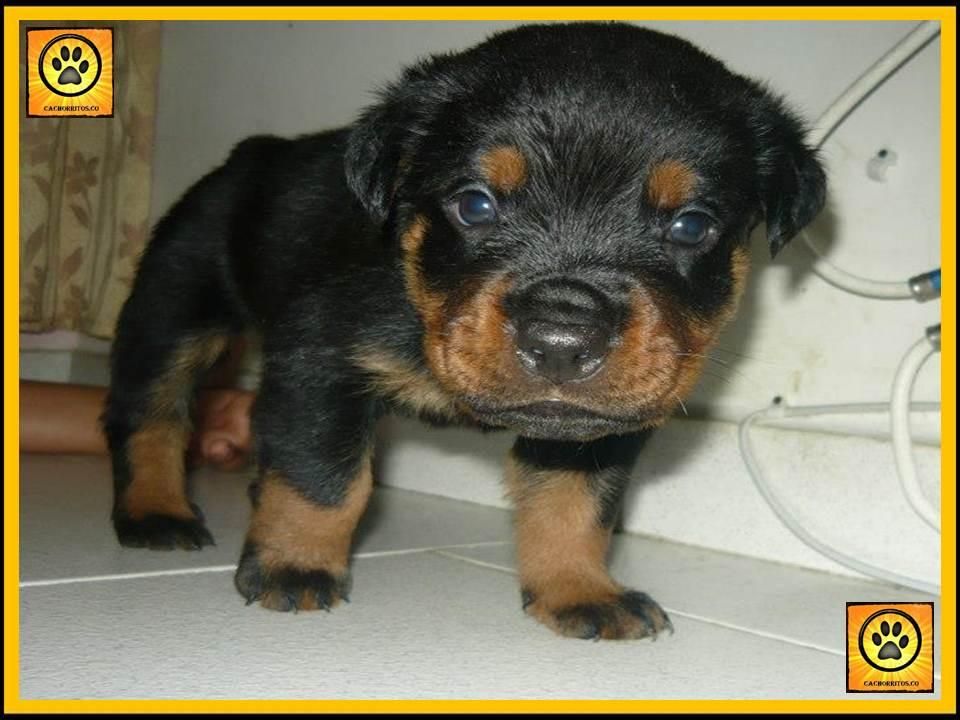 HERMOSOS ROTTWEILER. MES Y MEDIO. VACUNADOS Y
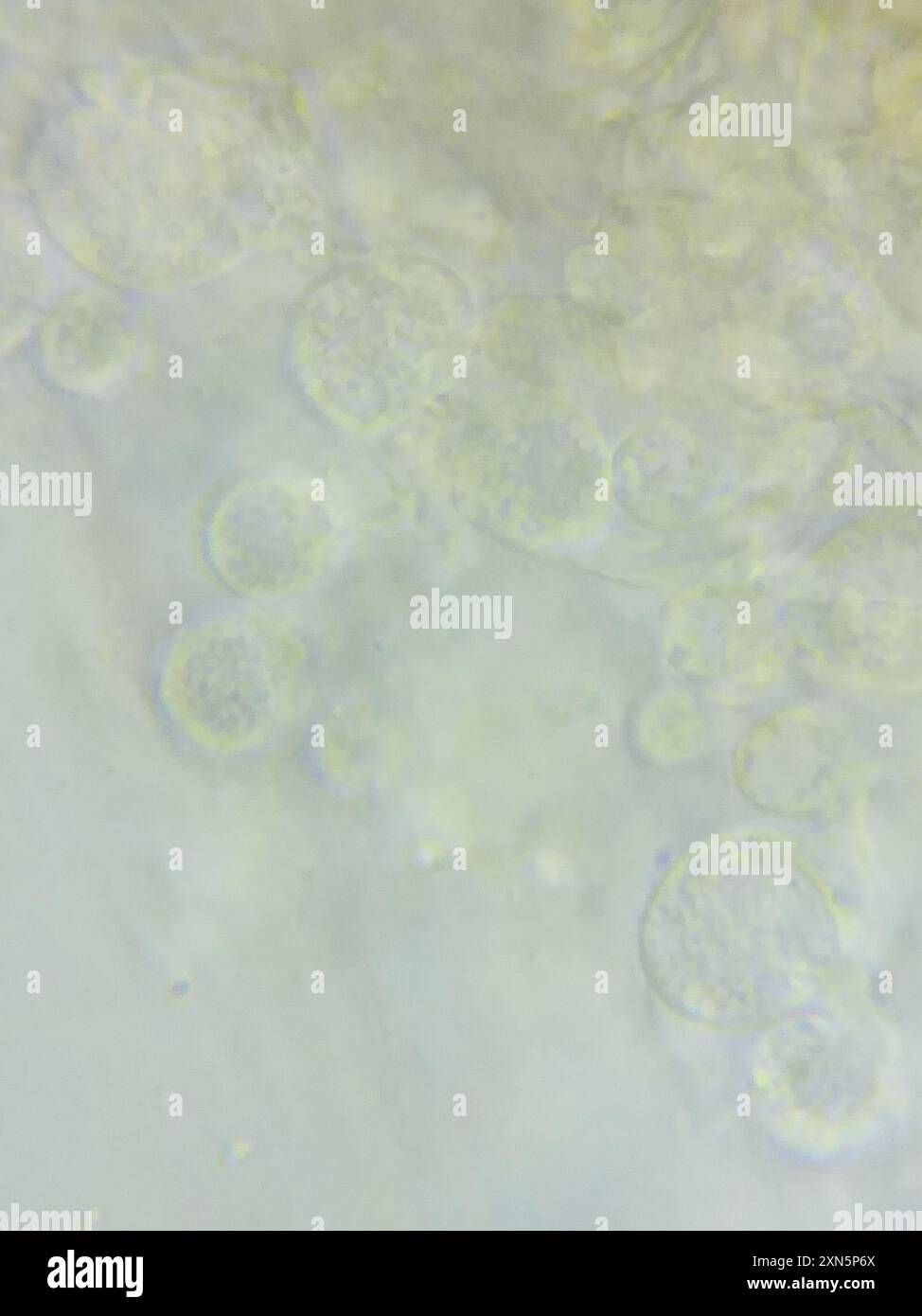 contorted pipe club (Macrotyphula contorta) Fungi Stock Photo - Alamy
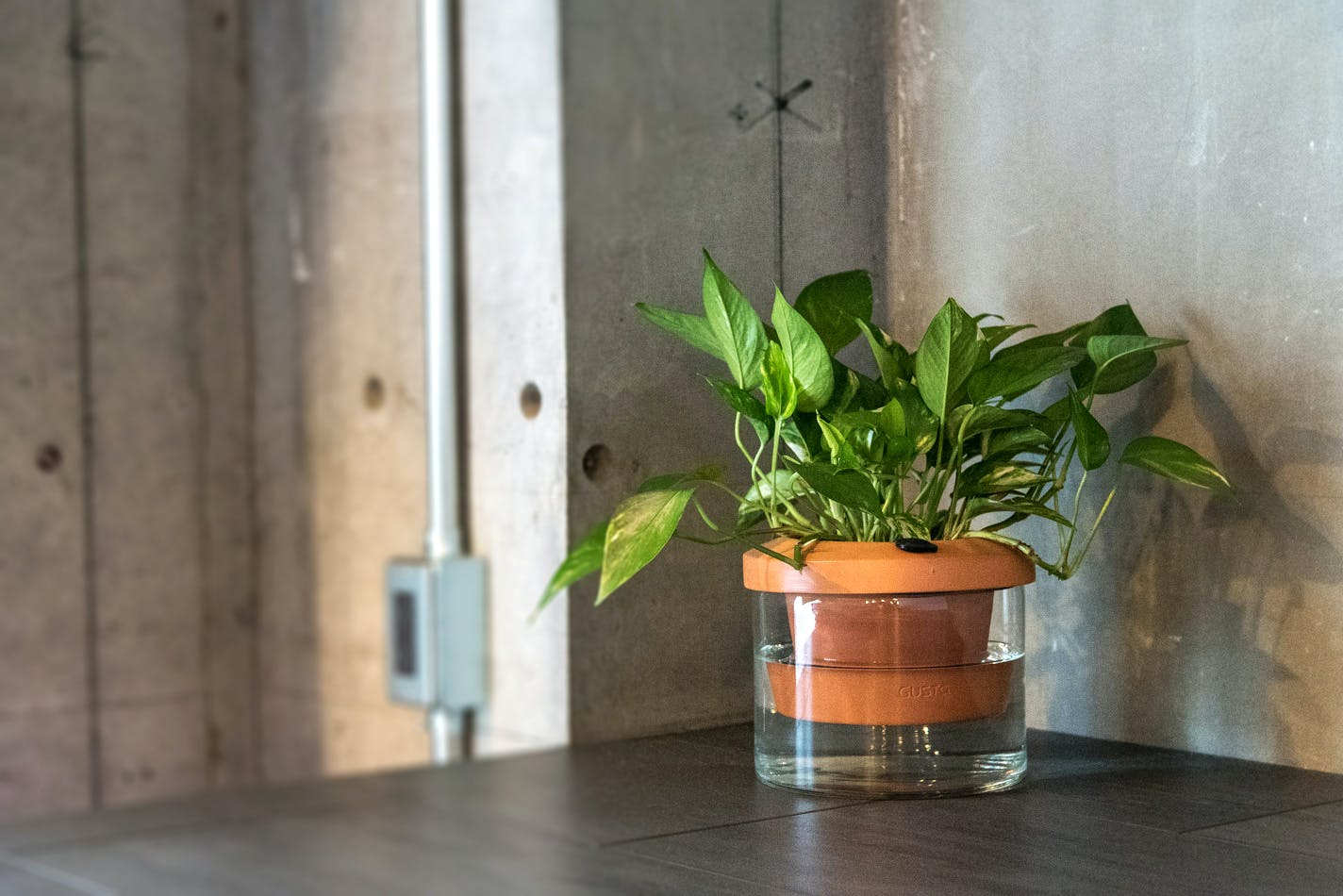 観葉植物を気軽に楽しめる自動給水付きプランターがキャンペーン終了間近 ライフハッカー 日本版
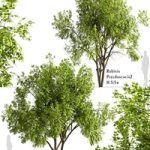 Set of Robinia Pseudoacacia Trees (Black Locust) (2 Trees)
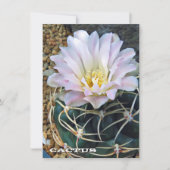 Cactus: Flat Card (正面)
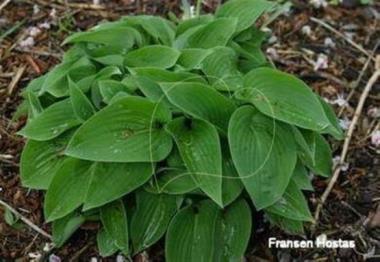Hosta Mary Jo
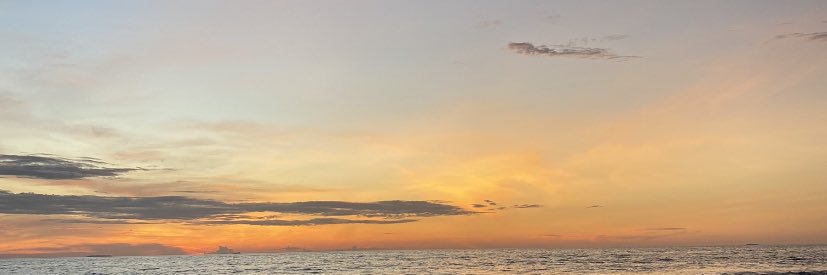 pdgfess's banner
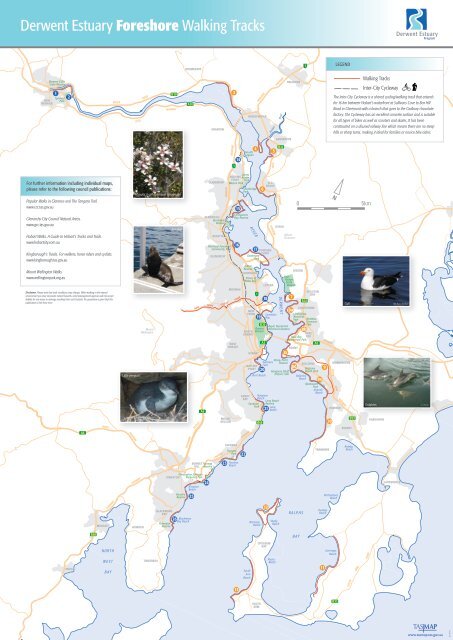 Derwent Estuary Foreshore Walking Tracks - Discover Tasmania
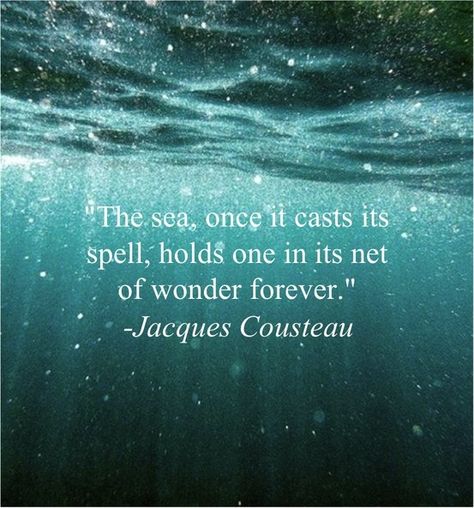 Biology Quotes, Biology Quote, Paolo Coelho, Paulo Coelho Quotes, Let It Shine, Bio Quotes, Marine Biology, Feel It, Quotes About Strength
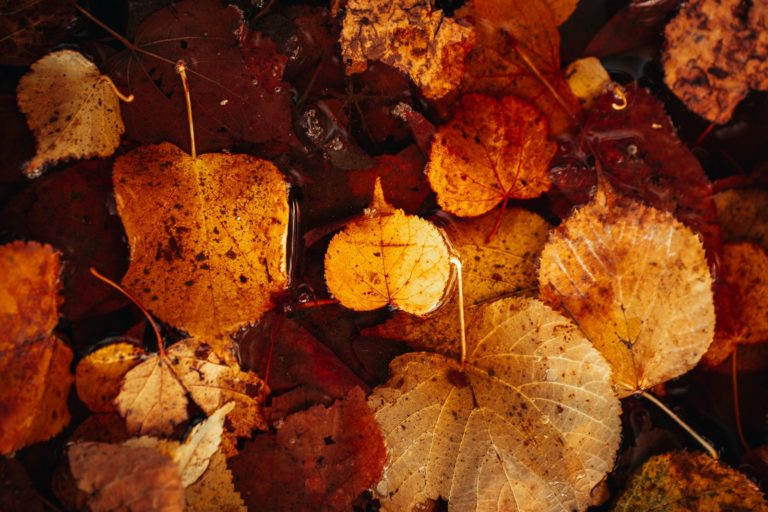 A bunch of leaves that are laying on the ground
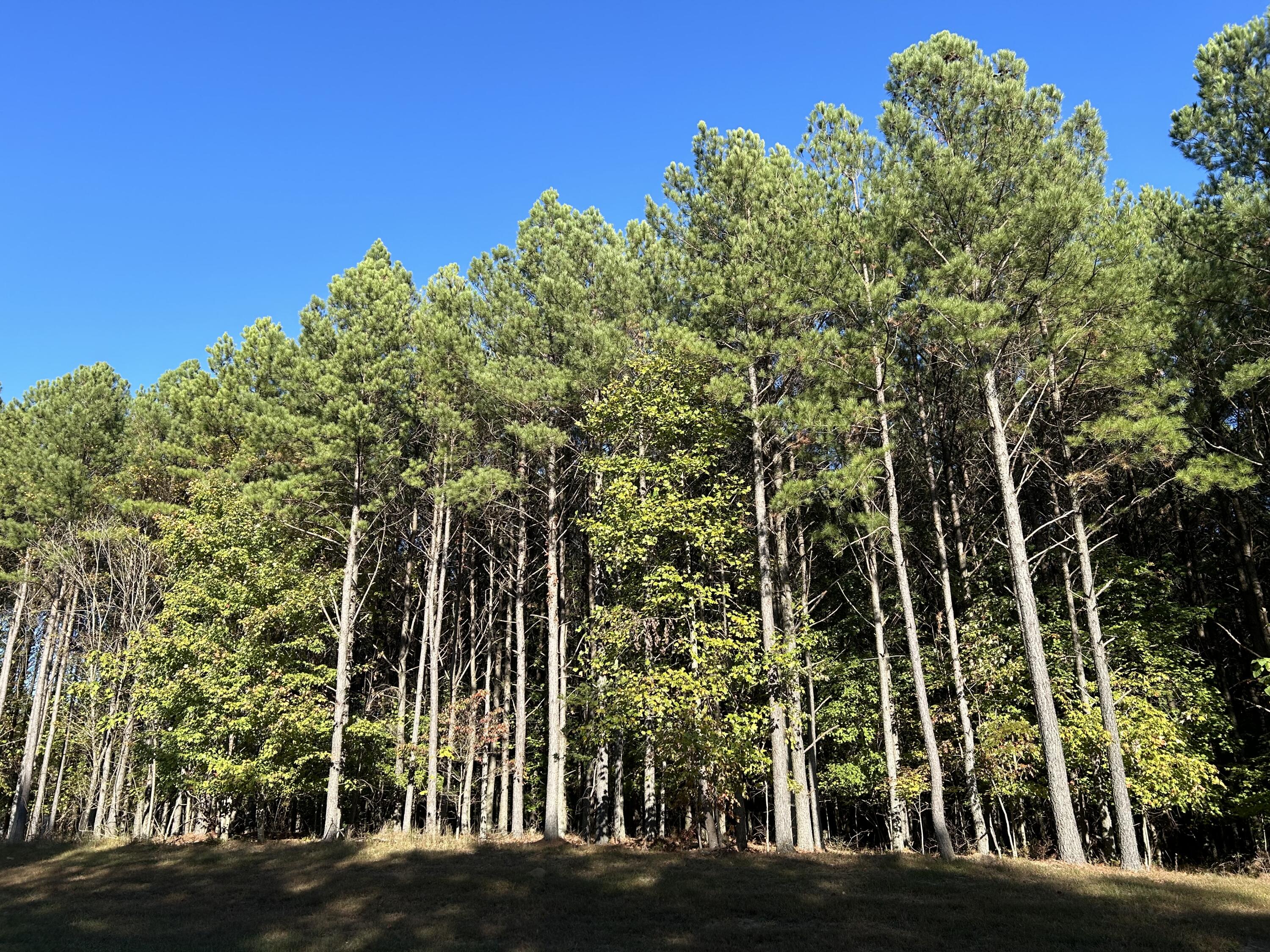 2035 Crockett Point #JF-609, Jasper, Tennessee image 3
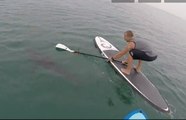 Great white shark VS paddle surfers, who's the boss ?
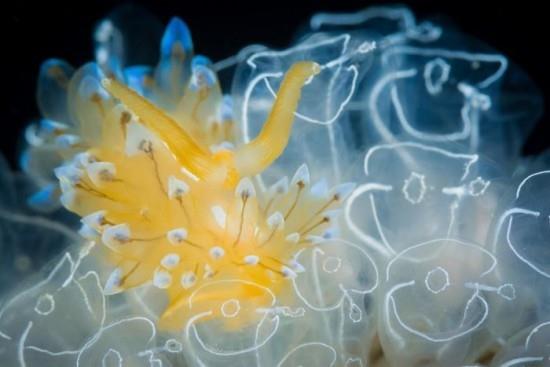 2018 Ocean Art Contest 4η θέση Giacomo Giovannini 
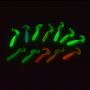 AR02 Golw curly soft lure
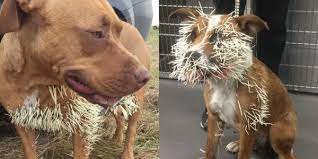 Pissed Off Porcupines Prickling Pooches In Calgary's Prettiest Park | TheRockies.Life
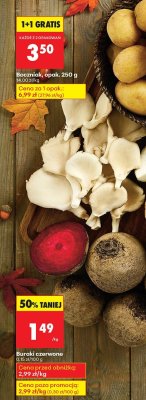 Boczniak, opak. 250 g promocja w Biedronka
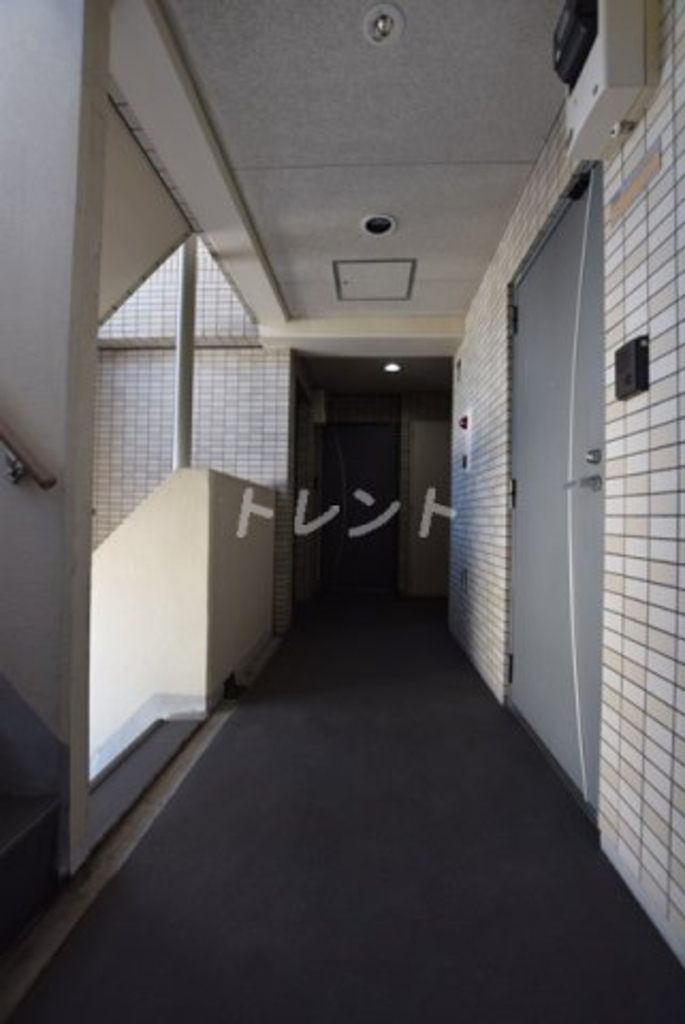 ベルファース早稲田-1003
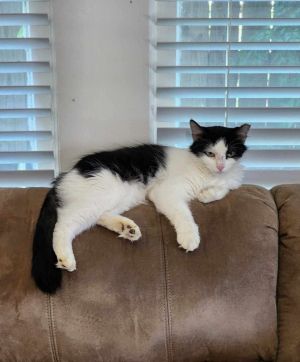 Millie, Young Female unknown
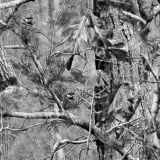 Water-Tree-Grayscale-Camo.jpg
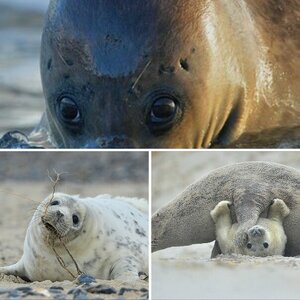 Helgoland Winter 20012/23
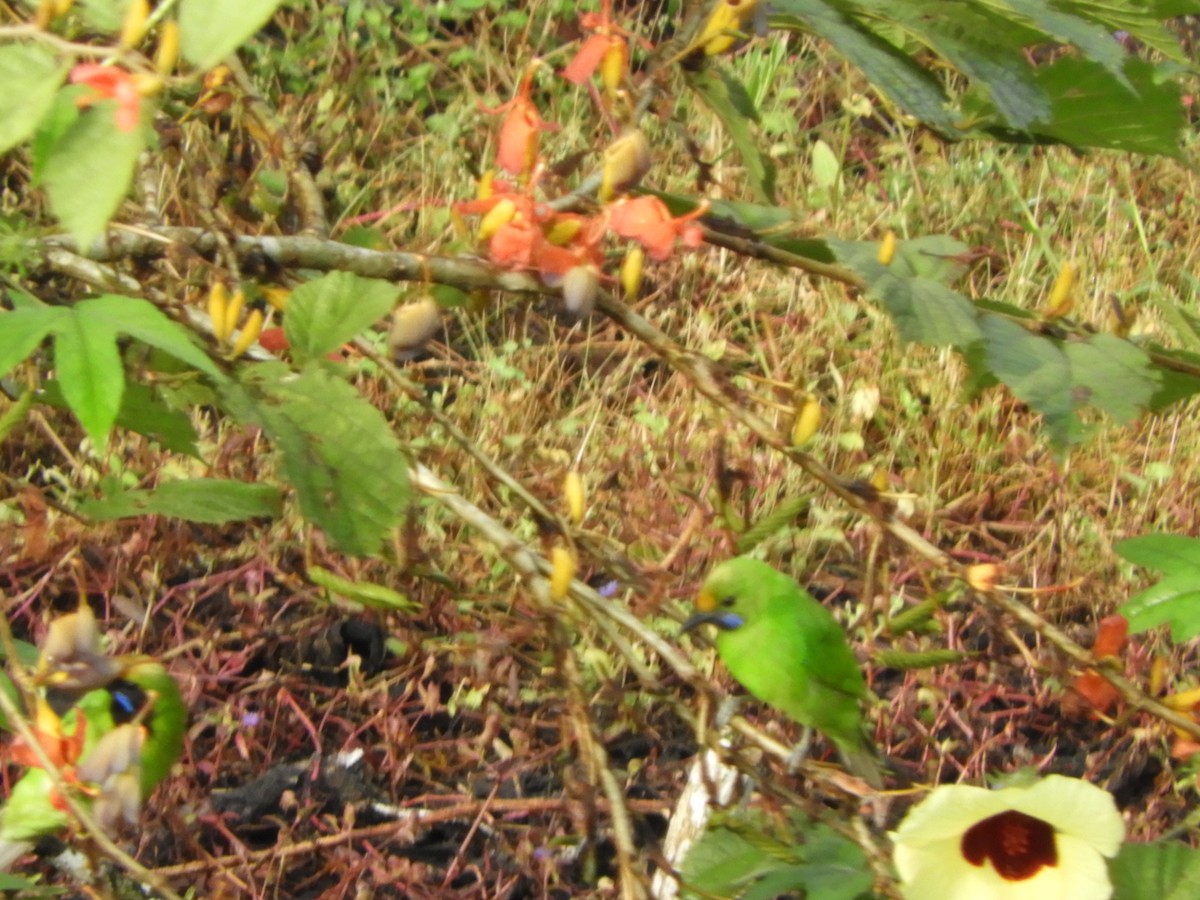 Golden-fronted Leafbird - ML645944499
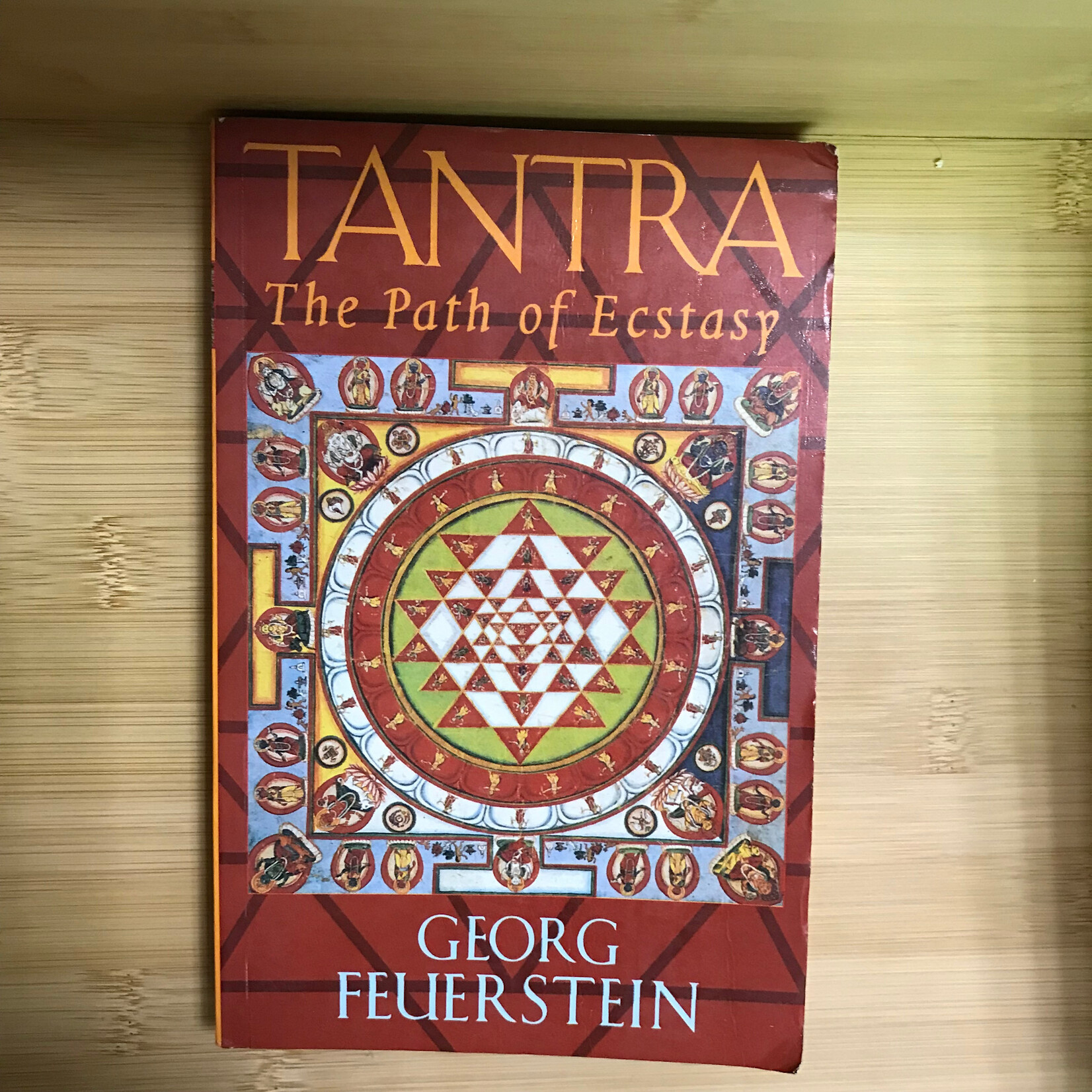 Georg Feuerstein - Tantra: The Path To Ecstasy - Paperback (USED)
- - -
**WORK TO COMPLETE**
Each line from the one holding "Pissed Off Porcupines" through the end of the listing is to be output exactly, both ends included, with no other lines and the pictures left out.

**RESULT BELOW**
 Pissed Off Porcupines Prickling Pooches In Calgary's Prettiest Park | TheRockies.Life
 Boczniak, opak. 250 g promocja w Biedronka
 ベルファース早稲田-1003
 Millie, Young Female unknown
 Water-Tree-Grayscale-Camo.jpg
 Helgoland Winter 20012/23
 Golden-fronted Leafbird - ML645944499
 Georg Feuerstein - Tantra: The Path To Ecstasy - Paperback (USED)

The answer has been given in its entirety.